======== EXTRACTED MATERIAL ========

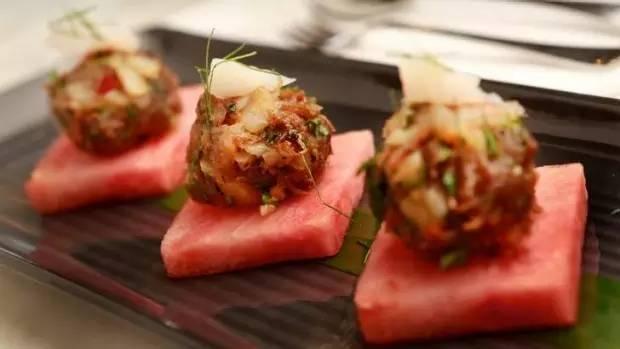 墨尔本女生去世吃瓜,一场吃瓜事件的反思与启示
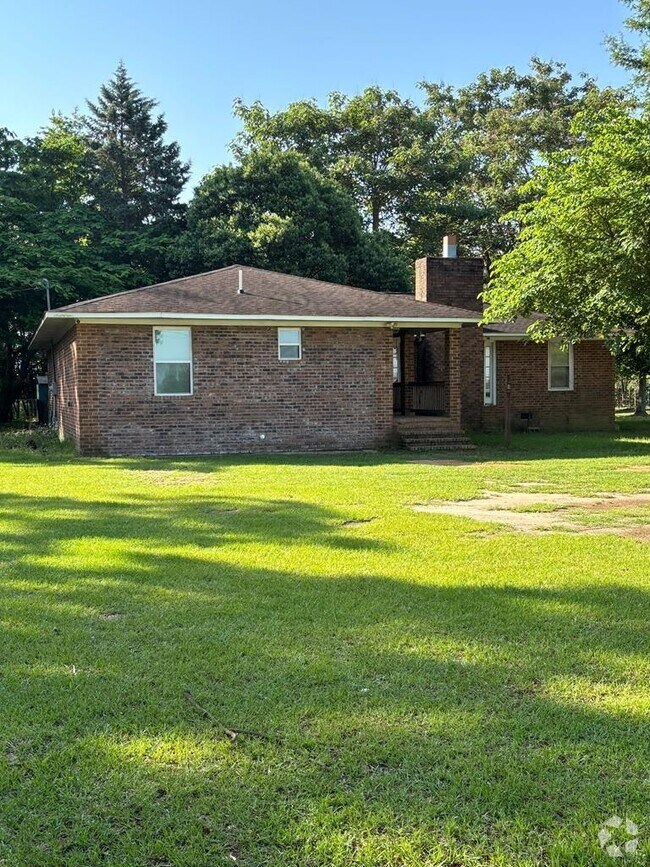 Building Photo - 743 Woodrow Rd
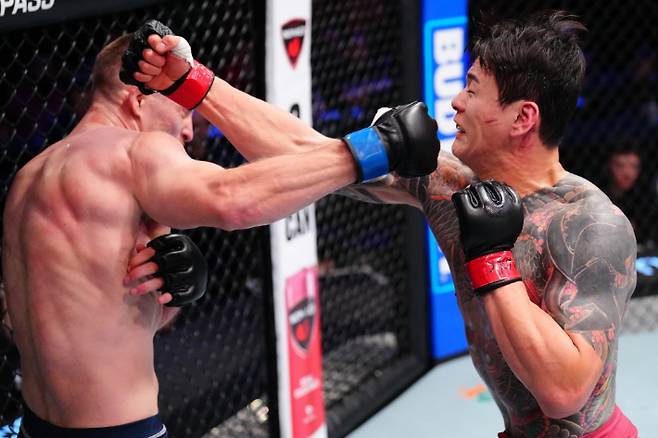 황인수(사진 오른쪽)와 패디 맥코리의 경기 장면. UFC 제공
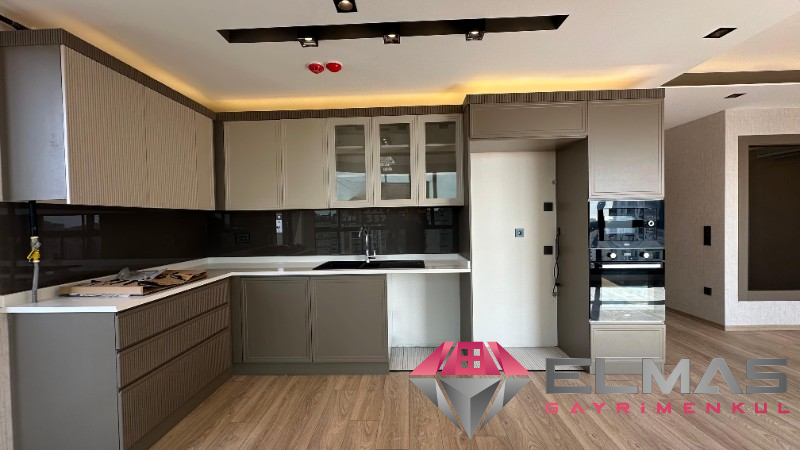 Elmas’tan Menteş’te Lüks Projede Havuzlu Kapalı Otoparklı 3+1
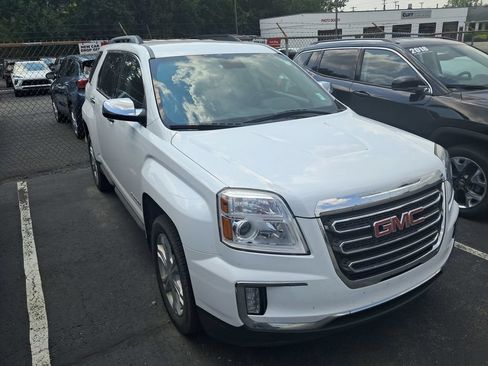 Used 2017 GMC Terrain SLE w/ Chrome Edition FWD image 3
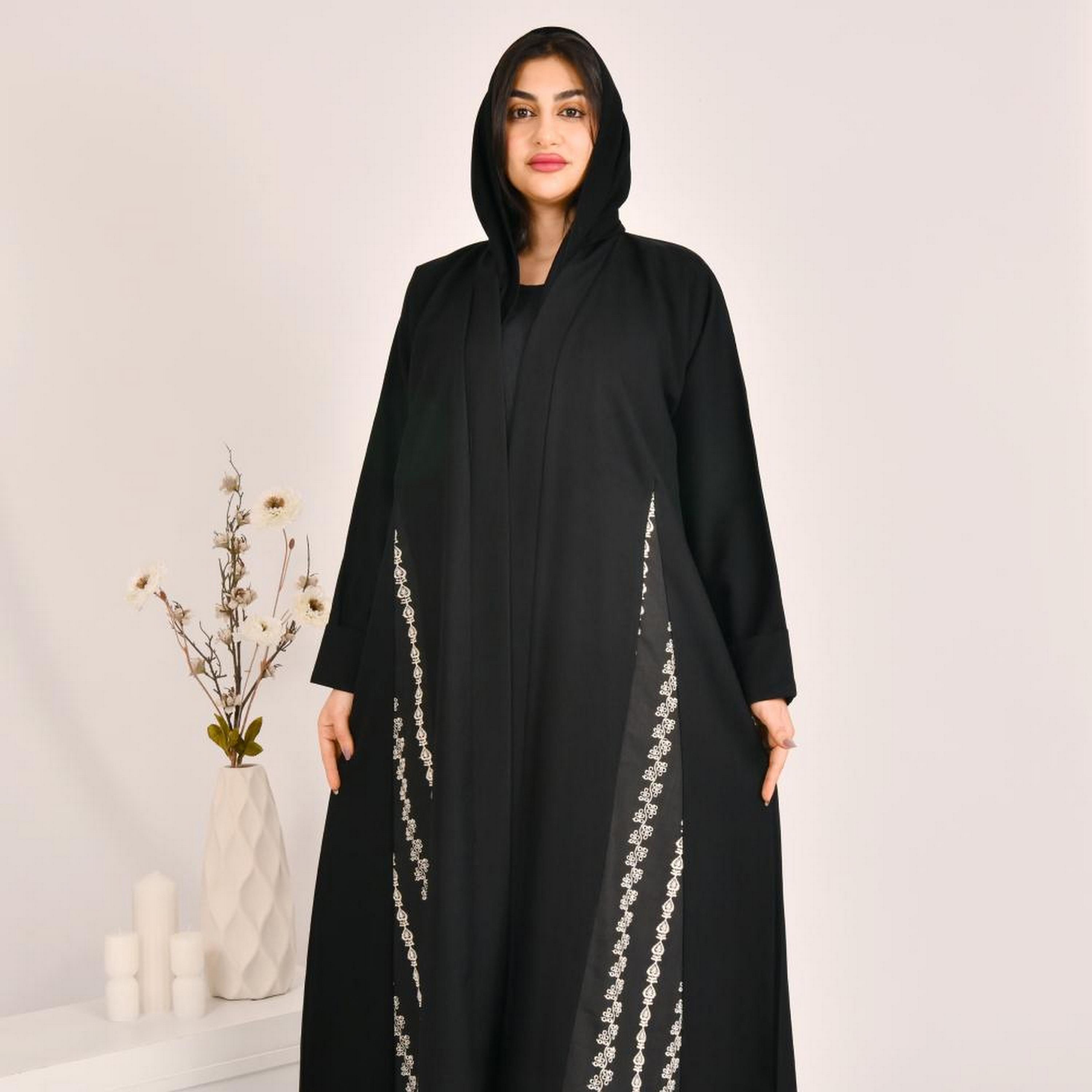 عباية كلوش مزينة بلوحات مطرزة من الكتان الأسود مع حجاب من بيوند عباية-women-arabicclothing-abayas-image-2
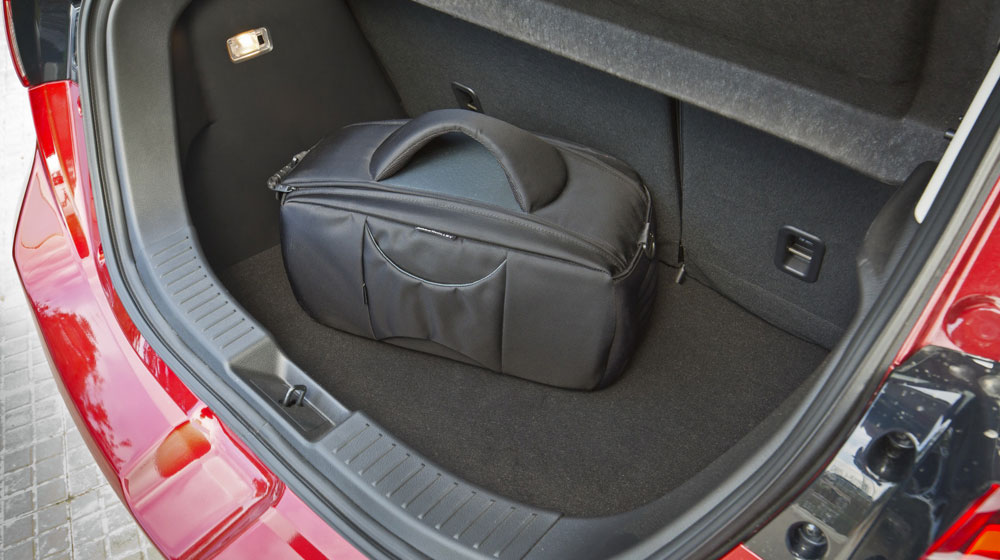 Khoang chứa đồ của Mazda2 2015 tương đối rộng rãi 1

========

■ TASK OBJECTIVE
Take the line containing "Elmas’tan Menteş’te Lüks" and every line after it up to the end of the data, and write them out exactly, without the pictures.

■ RESULT FOR THIS TASK
 Elmas’tan Menteş’te Lüks Projede Havuzlu Kapalı Otoparklı 3+1
 Used 2017 GMC Terrain SLE w/ Chrome Edition FWD image 3
 عباية كلوش مزينة بلوحات مطرزة من الكتان الأسود مع حجاب من بيوند عباية-women-arabicclothing-abayas-image-2
 Khoang chứa đồ của Mazda2 2015 tương đối rộng rãi 1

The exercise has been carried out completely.